The U.S. government, deserved or not, has the reputation of taking people’s money. Rarely do you hear the opposite. But in what may be one of the most rewarding government jobs, Missouri State Treasurer Clint Zweifel gets to reunite people with his state’s share of the $32 billion in unclaimed money nationwide.
Every state has unclaimed money that its treasurers work to reunite with their rightful owners. Missouri’s share totals $600 million. Zweifel just returned the largest amount of unclaimed cash in his state’s history — $6.1 million — to a Kansas City woman who wanted to remain anonymous. Zweifel has another 38 accounts to return, totaling $1,000,000 or more.

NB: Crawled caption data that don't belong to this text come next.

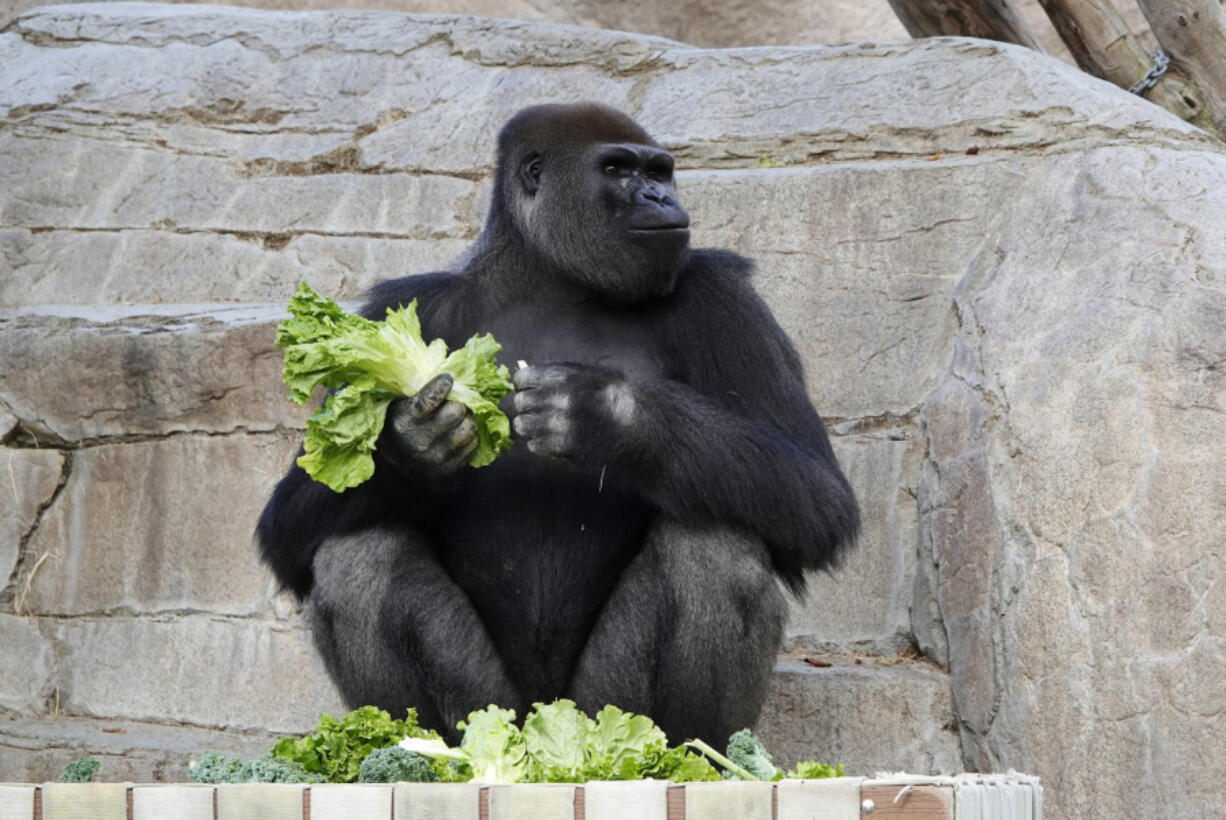 Frank, a gorilla, eats lettuce at the San Diego Zoo Safari Park on May 19. (K.C.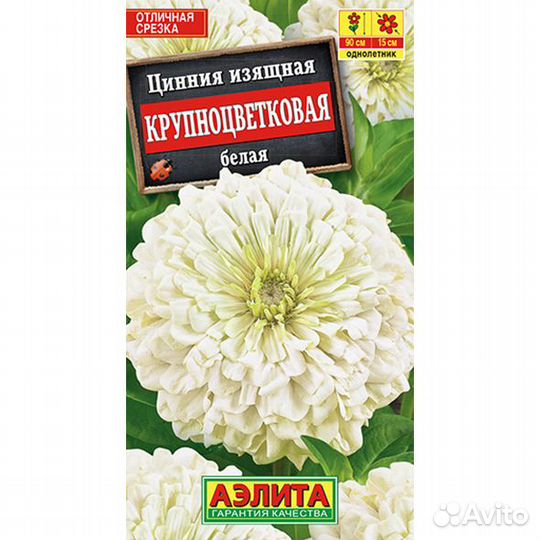 Цинния Крупноцветковая Белая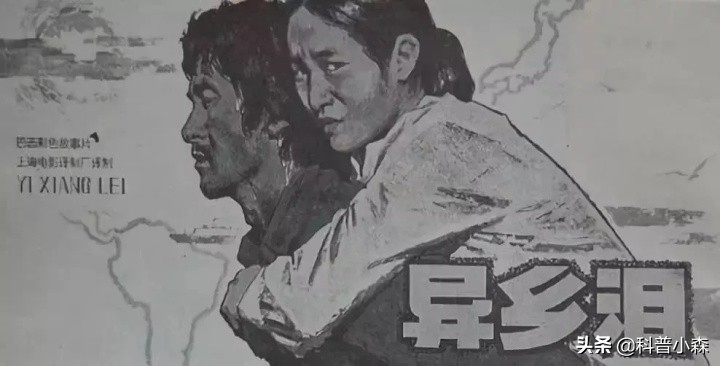 为啥巴西占了南美洲那么大的领土,巴西哪里的移民多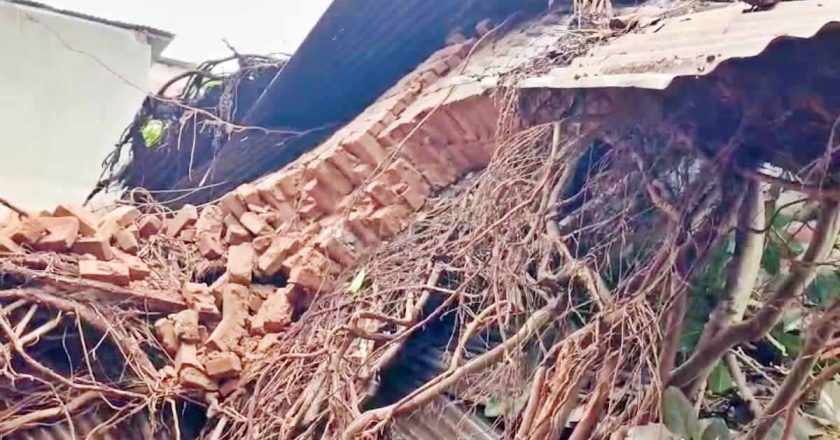 बिहार में आंधी-बारिश और ओलावृष्टि से 13 की मौत, कई जिलों में तबाही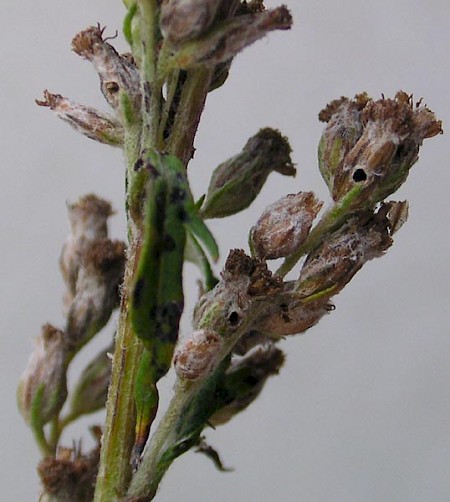 Coleophora artemisicolella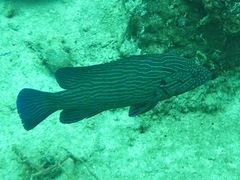 Cephalopholis formosa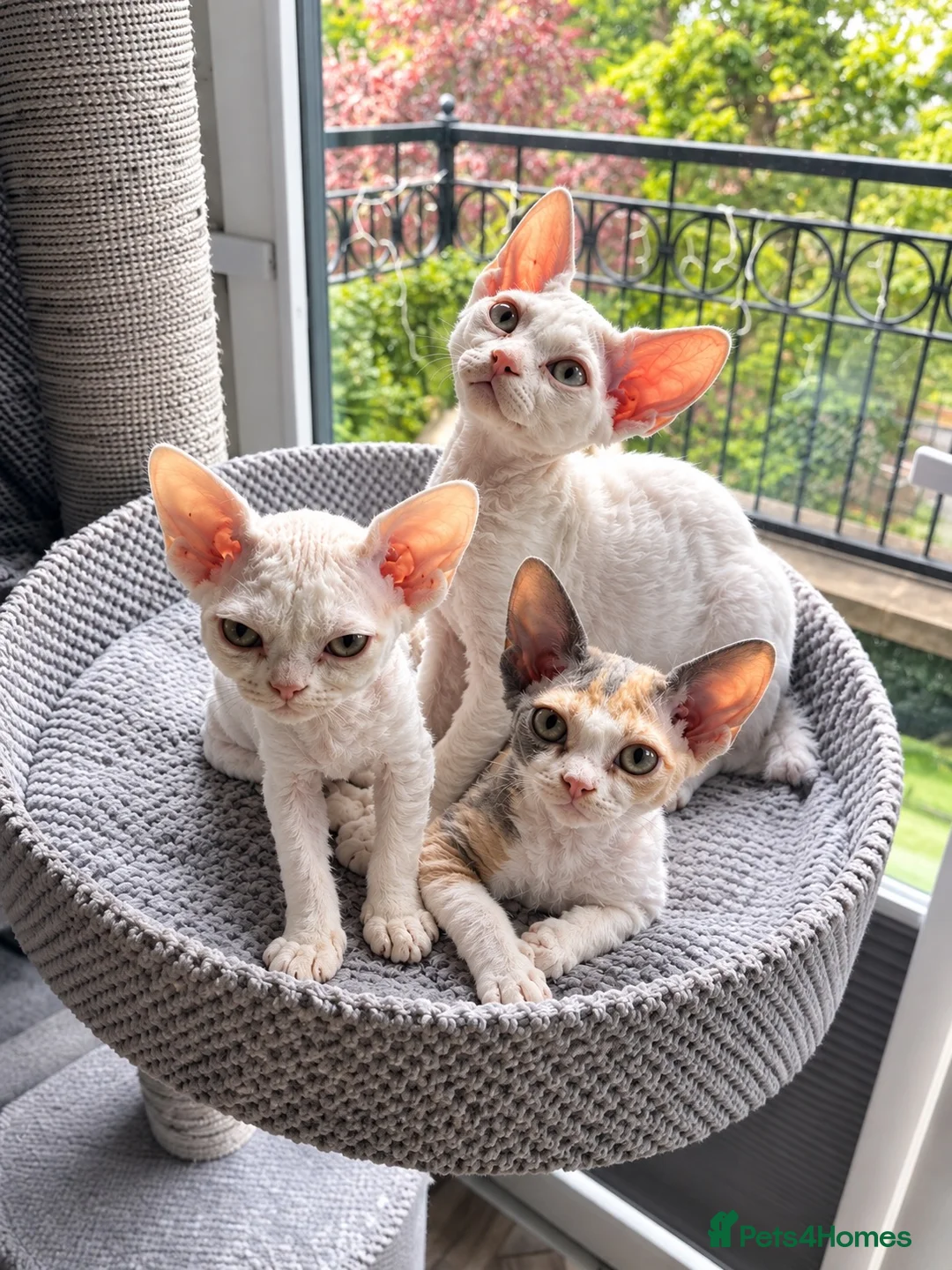 Devon Rex cats for sale:      🐾 Two Beautiful Devon Rex Kittens  - Advert 1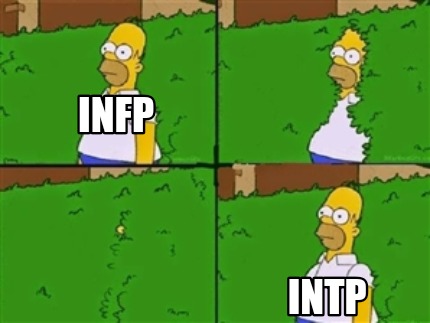 infp-intp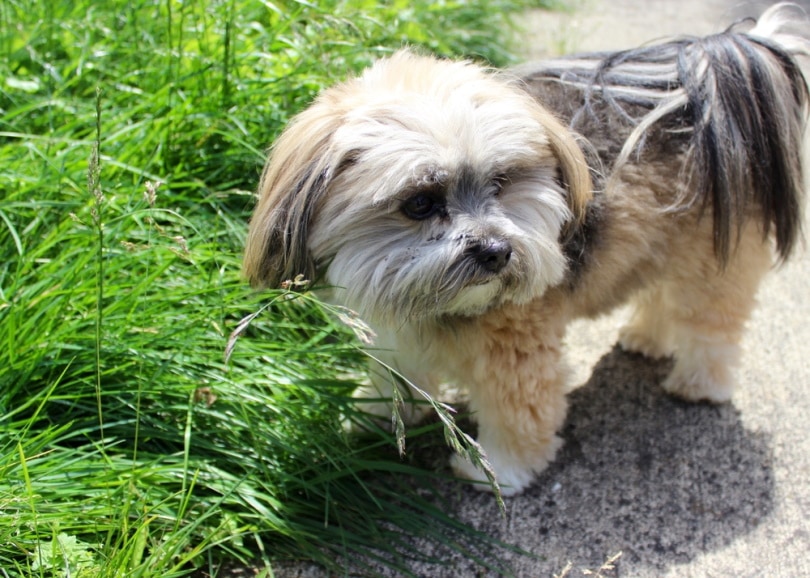 La-Pom (Lhasa Apso & Pomeranian Mix) Dog Breed: Info, Pictures, Care & More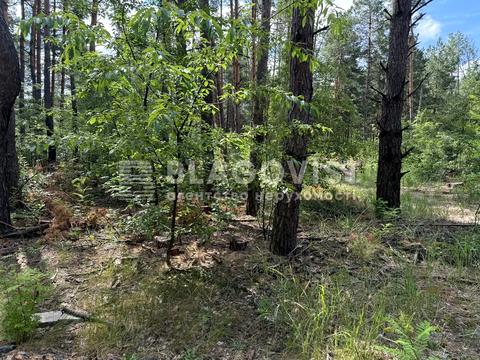 ділянка за адресою Броварський просп.
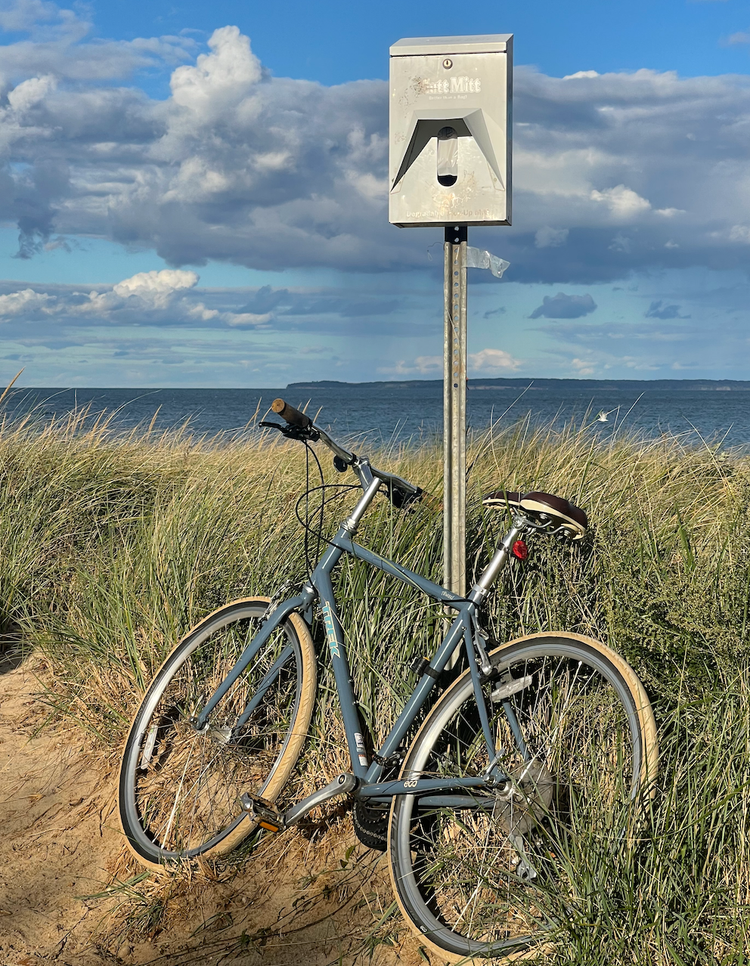 The Hampton's Travel Guide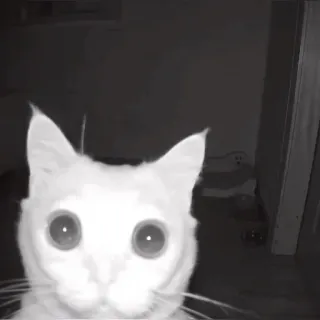 😶 8c769e21 mèo, động vật, dễ thương, thú cưng, nhìn đêm, mắt whatsapp sticker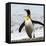 Antarctica, penguin, King-George Theodore-Framed Premier Image Canvas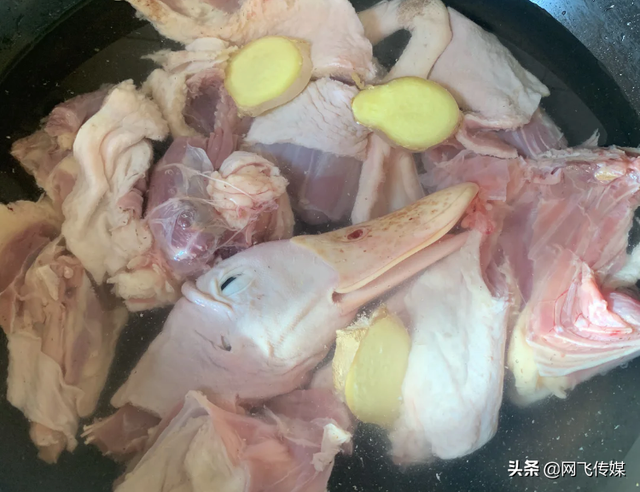 滋补老鸭汤，老鸭汤怎么炖（喝上一碗神清气爽）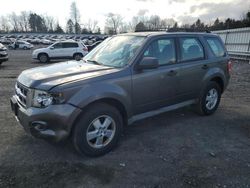 Ford Escape XLS salvage cars for sale: 2009 Ford Escape XLS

In a press release on the Missouri state treasurer’s Web site, Zweifel says, “Assets become Unclaimed Property every day for many reasons, whether it is a death in the family, misplaced documents or a change in address. What is important though is Missourians know we will safeguard their money forever until they claim it.”
Every state has an unclaimed property database, which can be found on the state government’s Web site (just do a Google search for your state’s name and “unclaimed property”) or visit MissingMoney.com, a database created by the National Association of Unclaimed Property Administrators. The data for more than 40 states can be located on that site. Just type in your name and your state of residence to check to see if you’re on record as due some money.
Typing in your name offers up that same rush as scratching off a lottery ticket. Turns out, there’s unclaimed money waiting for a “Melissa Bell” in Washington. Too bad the Melissa listed has a different middle name.